5 Responses to Day 60 – The Key Stage 1 SATs Myth

  1. JamesD says:

    Sorry SMS, but the Education Officers also explained that whatever the true differences are between Bedford Borough and our Statistical Neighbours the DCSF, OfSTED etc only care about the raw results. The Council Officers are held to account for these results so whatever is driving the GCSE performance in reality does not matter to them!
    Remember it is not the Councillors’ fault that Bedfordshire spent less on education than the English average or than our better performing Statistical Neighbours. It is not the Officers’ fault that they did not enforce good transition arrangements until after the 2006 decision to retain 3-Tier. It is all the fault of school structure – so no one has to take responsibility.
    PS Who pays the salaries of these Education Officers – the Council Tax payers of Bedford or the DCSF?

    • A Governor says:

      “The Council Officers are held to account for these results so whatever is driving the GCSE performance in reality does not matter to them!”….

      ….except that, without having a full understanding of the what *is* driving the GCSE performance you cannot be certain that any change you initiate is going to influence them – or even influence them in the direction you want.
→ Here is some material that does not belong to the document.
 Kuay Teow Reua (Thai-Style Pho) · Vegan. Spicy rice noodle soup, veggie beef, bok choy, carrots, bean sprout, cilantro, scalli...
      In other words, it should still matter to them very much, even if they think the comparisons are “unfair”.

  2. jack says:

    I’m a kid at Middle School and I am privilaged that the openings to my learning for opporunity to prepare for my upper schooling was given to me at middle school. I have a cousin in St Albans who is the same age as me and we where discussing the differences between 2 teir and 3 teir as we have in Bedford. The big difference is that she was unable to progress in Physical eduction where she feels her skill is, she unable to access this in year 5 and also the opportunity to conduct science experiements in well equipt sciene labs or hands on in FTT. The difference is that they stay in the same class until they go to Senior school where they join a large number of pupulis. Her grades/sats/level are a lot lower than is expect of our school after discussing at great length we decided that being 3 teir was better and gave greater opportunity than 2 teir. I also have a cusoin who goes to private school in St Ablans and he is taken his GCSE’s (aged 16) the family think he is really clever but I pointed out that in yr8 their where a number of children taken GCSE’s without paying for this unique opportunity! My other cusion expressed that she would love to go to school in Bedford as she felt it gave more and wider experience of subjects. I feel that if I had stayed at lower school for an extra 2 yrs I would not been able to cope with all the future organisation/pressures that upper schools hold. Do we as children in middle school have a say, be honest don’t avoid the point!